Turn a potentiometer knob and watch an LED smoothly brighten or dim while the serial console prints the raw ADC value, the computed voltage, and the chip temperature. This lesson covers every layer of the RP2040’s I/O system: GPIO multiplexing that lets any pin do almost anything, PWM slices with independent frequency and duty cycle control, the 12-bit SAR ADC with its dedicated input channels, and the hardware interpolators that can accelerate fixed-point math for free. #GPIO #PWM #AnalogIO
What We Are Building
LED Brightness Controller
A potentiometer connected to an ADC input controls LED brightness through PWM. The serial console prints real-time readings: raw ADC counts, voltage, PWM duty cycle percentage, and the RP2040’s on-chip temperature. This simple circuit exercises GPIO configuration, the PWM slice/channel model, and ADC sampling in a single build.
Project specifications:
Parameter
Value
ADC Resolution
12-bit (0-4095)
ADC Input
GP26 (ADC0) for potentiometer
Temperature Sensor
ADC channel 4 (on-chip)
PWM Output
GP15 (Slice 7B)
PWM Frequency
1 kHz
Serial Output
USB CDC at 115200 baud
Supply Voltage
3.3V (from Pico onboard regulator)
Bill of Materials
Ref
Component
Quantity
Notes
1
Raspberry Pi Pico
1
From Lesson 1
2
LED (any color)
2
Standard 3mm or 5mm
3
220 ohm resistor
2
Current limiting for LEDs
4
10K potentiometer
1
Linear taper preferred
5
Breadboard + jumper wires
1 set
GPIO Multiplexing
Every GPIO pin on the RP2040 can serve multiple functions.

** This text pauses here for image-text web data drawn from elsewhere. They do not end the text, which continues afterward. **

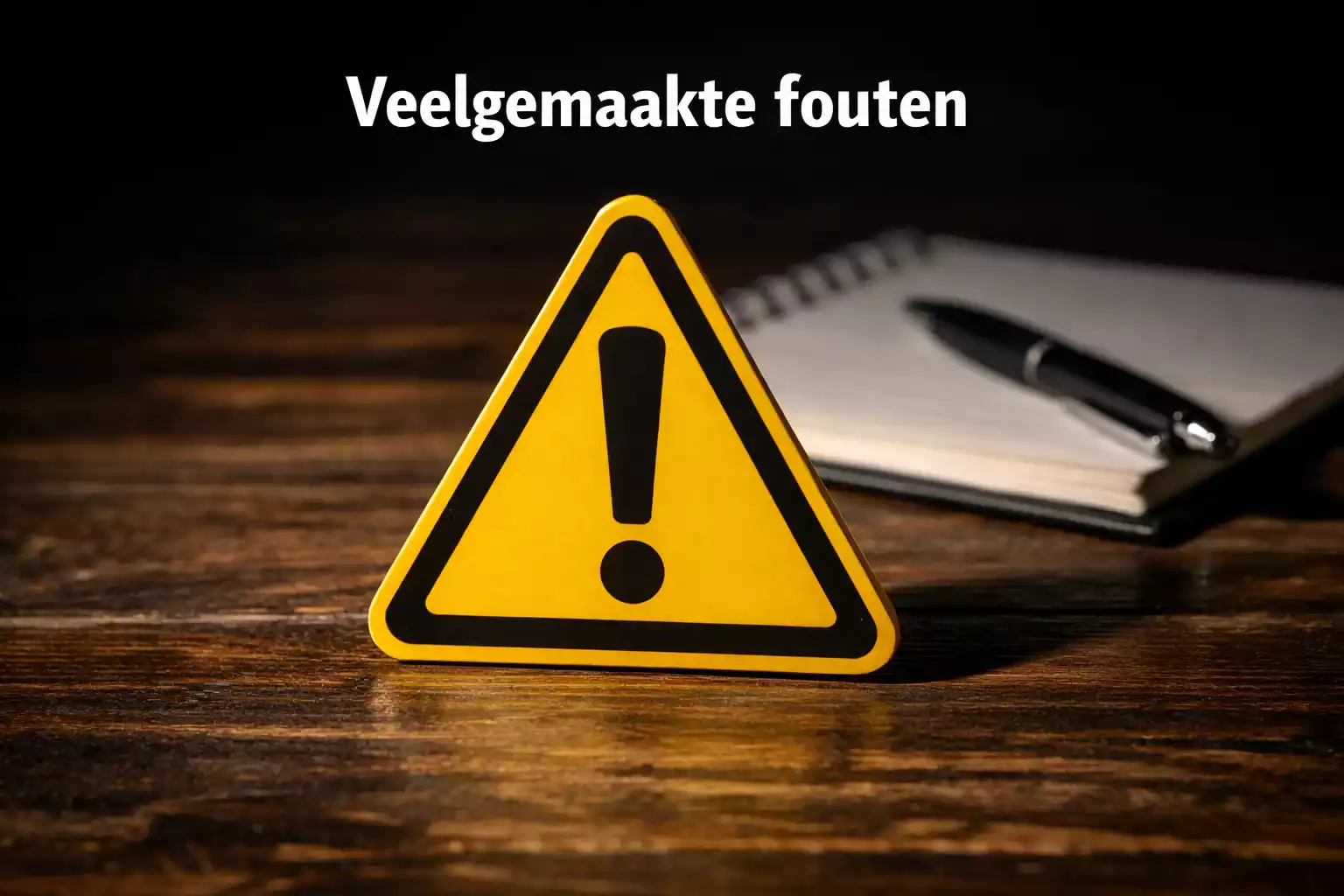 Waarschuwingssymbool bij wedden dat veelgemaakte fouten aanduidt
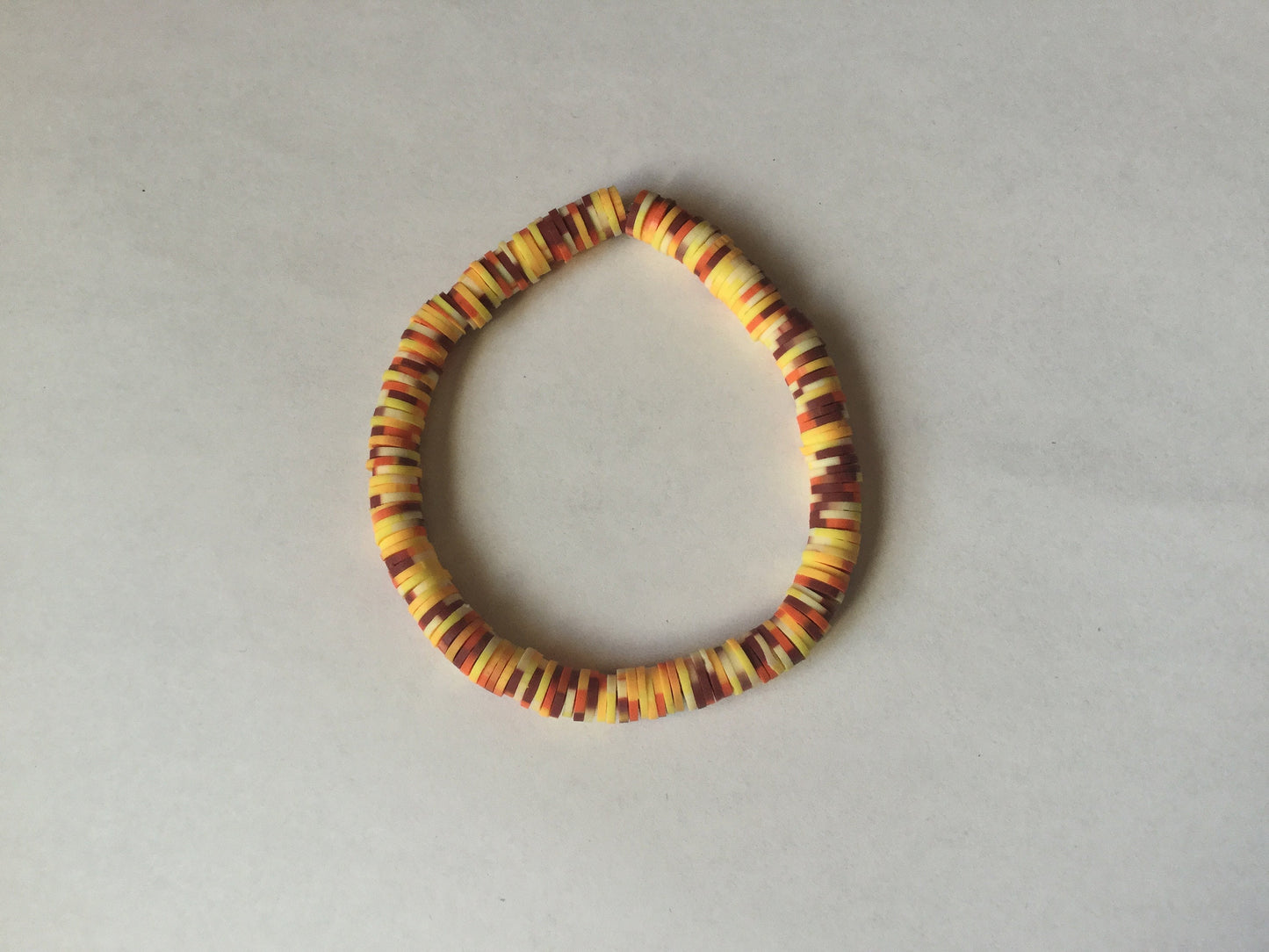 Clay, Yellow Multi Colors,  Healing Bracelet.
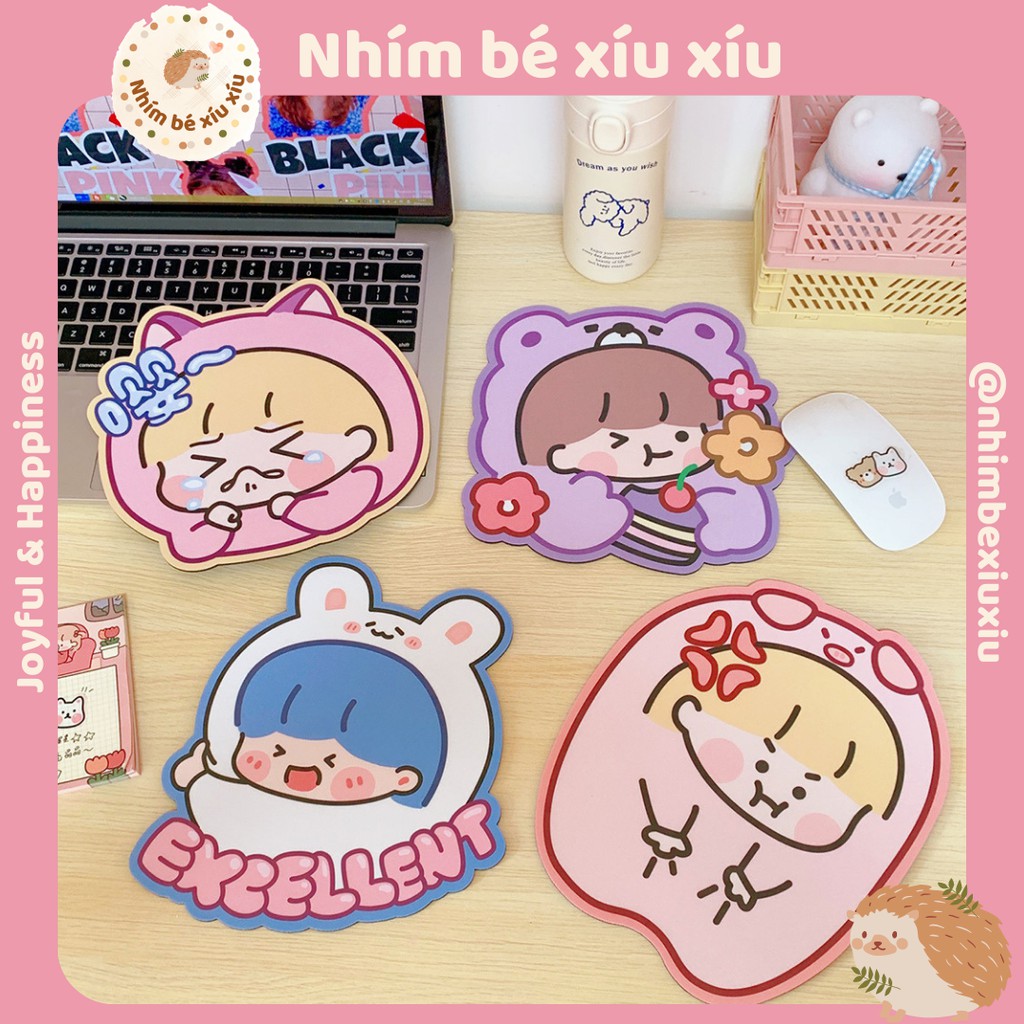 Miếng lót chuột infeel.me xinh xỉu mouse pad cute tấm di chuột chống thấm nước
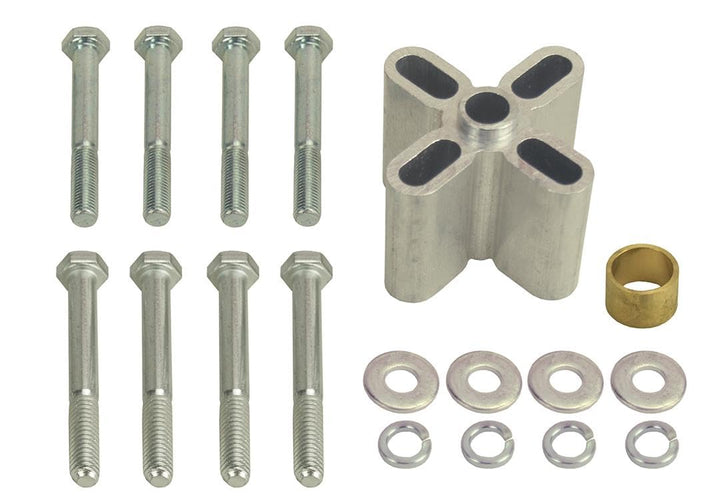 Derale 31515 front view showing spacer profile and pilot for accurate centering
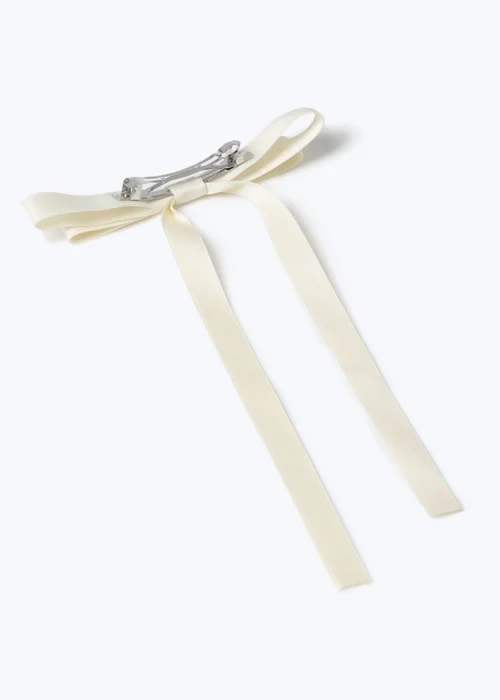 Muse Cream Bow Hair Clip - One Size Image 3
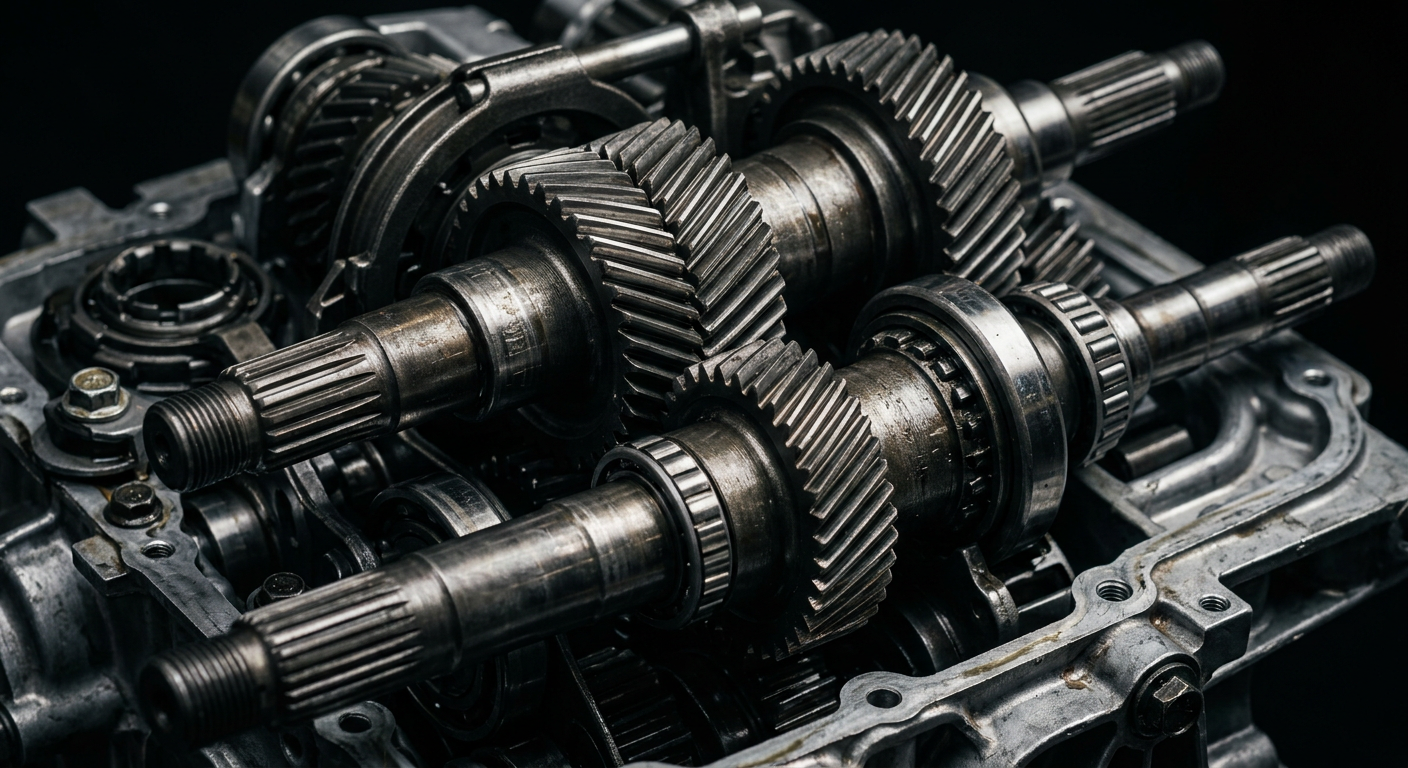 Gearbox components at Brisbane Mechanic Repairs Moorooka workshop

The chip uses a function select multiplexer (controlled by the IO_BANK0 peripheral) to route each pin to one of several internal peripherals. Only one function can be active on a pin at a time. The Pico SDK provides gpio_set_function() to select which peripheral drives a given pin.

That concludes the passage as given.